Goal of the exercise - Find the line containing "Regulations on the" in the entries; transcribe it and all remaining lines through the end, exactly as they appear, but not the pictures.

START Data for processing

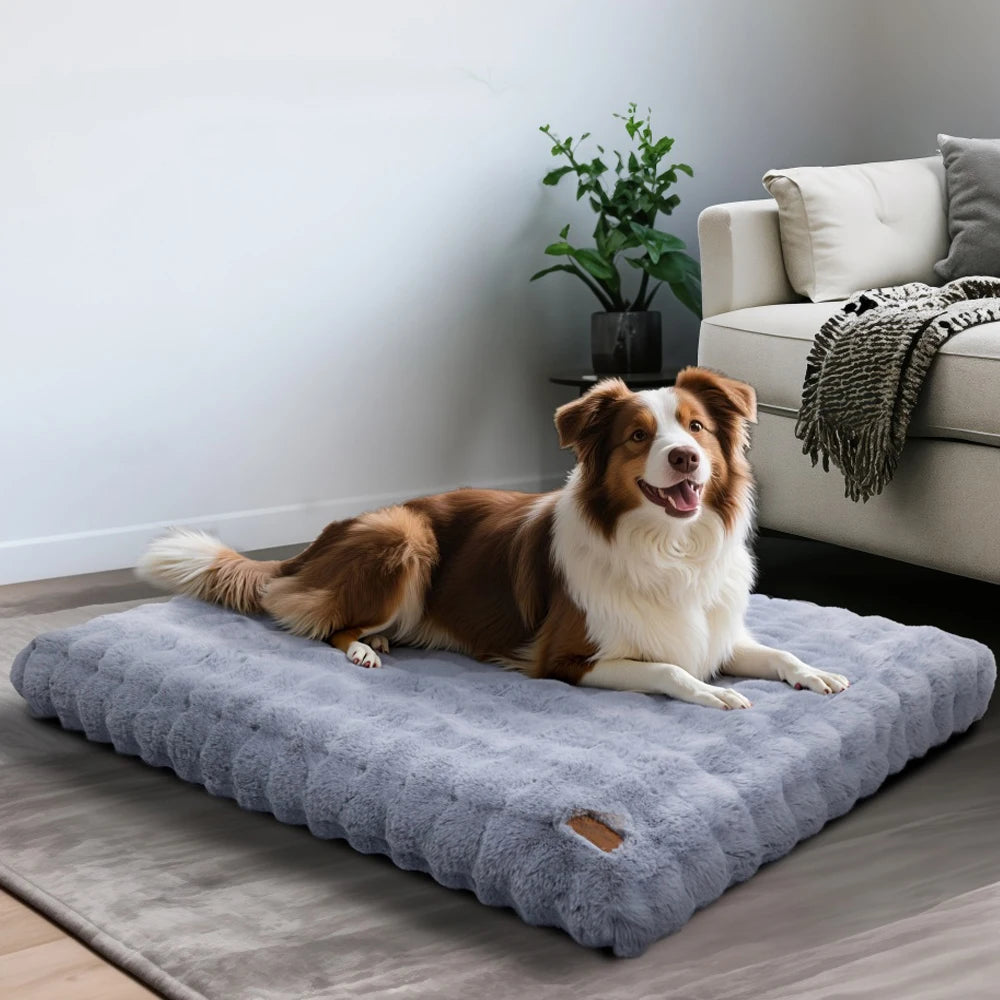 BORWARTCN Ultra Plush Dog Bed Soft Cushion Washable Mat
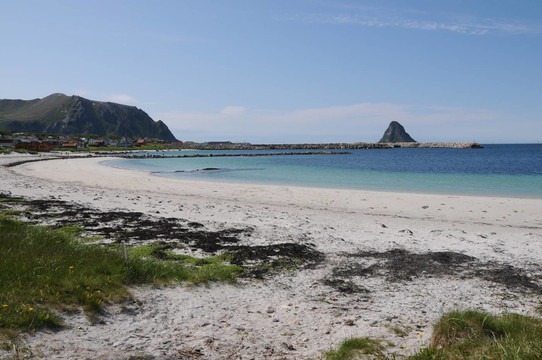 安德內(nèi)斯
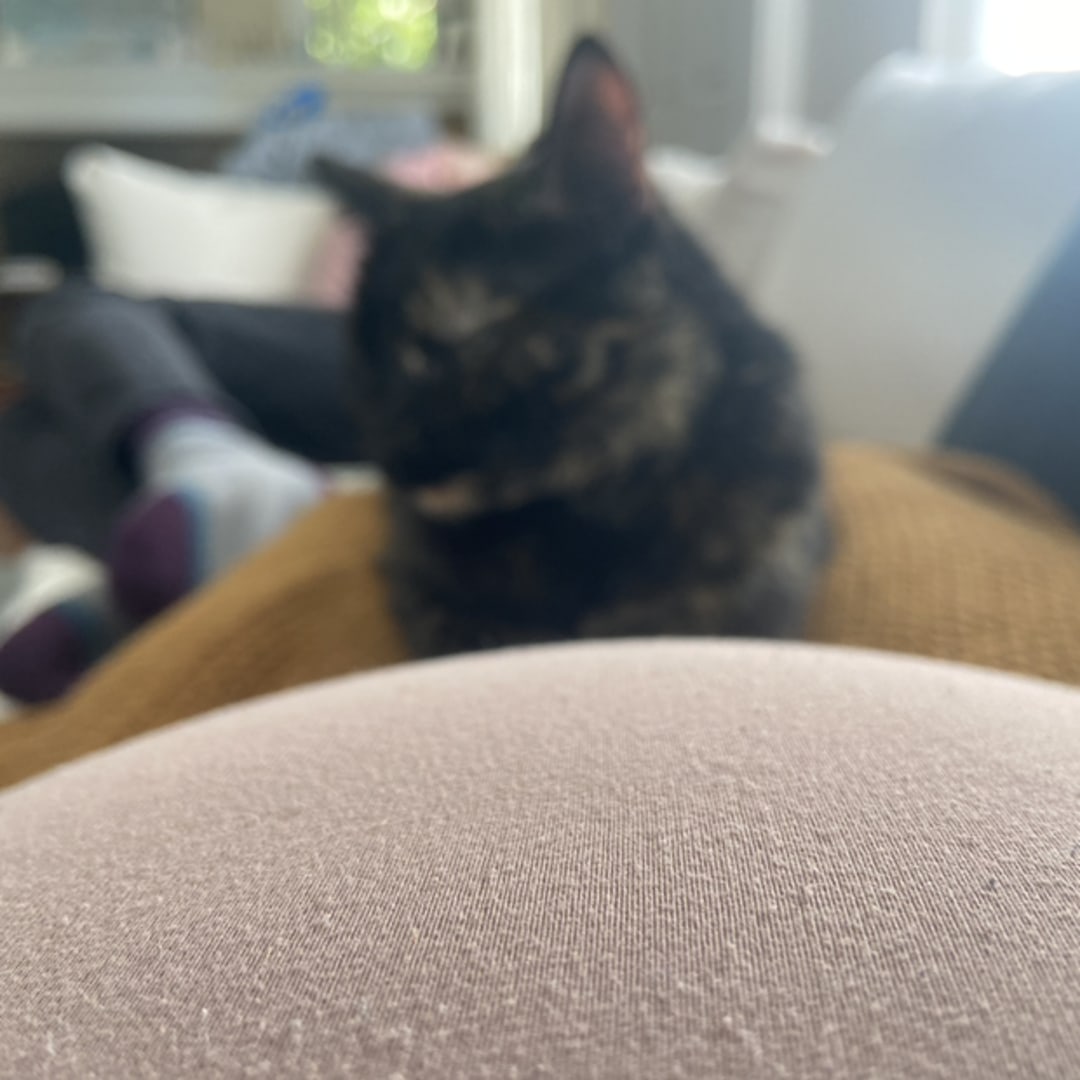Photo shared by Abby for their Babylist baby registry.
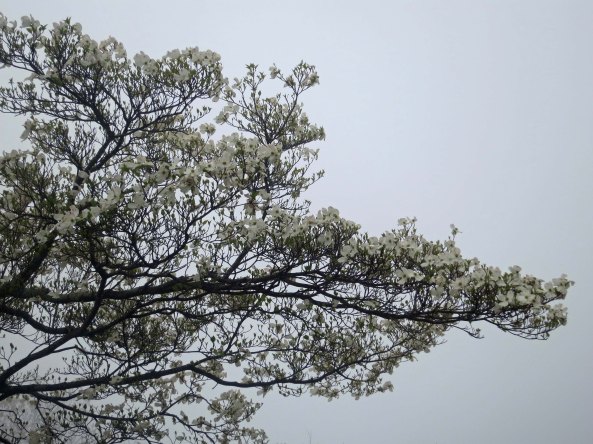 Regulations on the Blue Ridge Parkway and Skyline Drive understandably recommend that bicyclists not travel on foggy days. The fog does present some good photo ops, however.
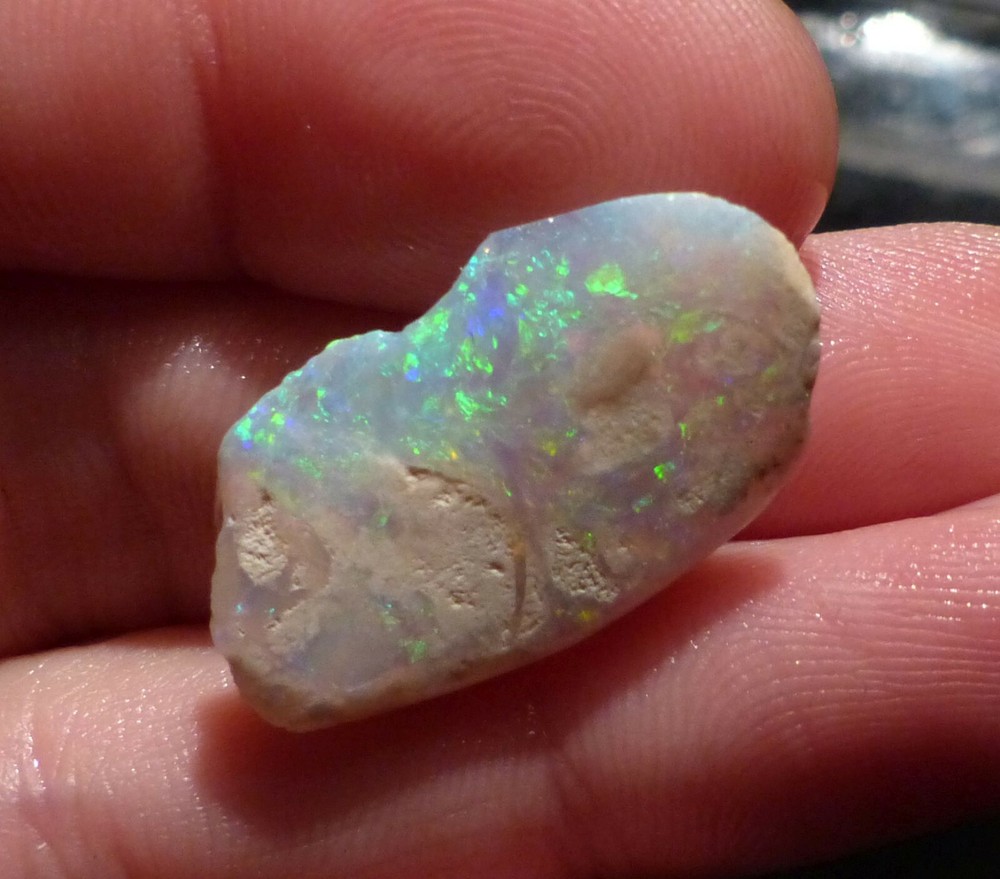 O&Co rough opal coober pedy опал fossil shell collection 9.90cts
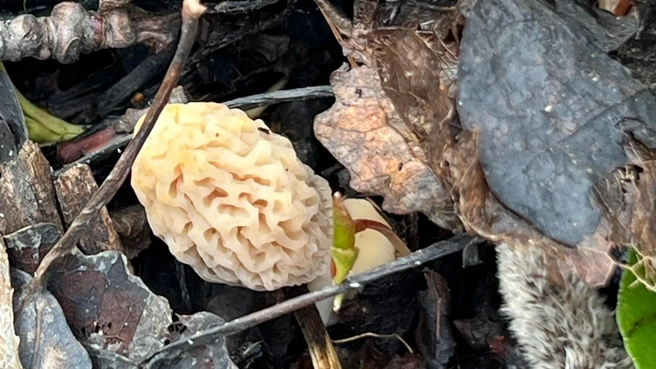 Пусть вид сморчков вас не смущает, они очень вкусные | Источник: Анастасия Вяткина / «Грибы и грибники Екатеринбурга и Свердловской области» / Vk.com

END Data for processing

Solved exercise -
 Regulations on the Blue Ridge Parkway and Skyline Drive understandably recommend that bicyclists not travel on foggy days. The fog does present some good photo ops, however.
 O&Co rough opal coober pedy опал fossil shell collection 9.90cts
 Пусть вид сморчков вас не смущает, они очень вкусные | Источник: Анастасия Вяткина / «Грибы и грибники Екатеринбурга и Свердловской области» / Vk.com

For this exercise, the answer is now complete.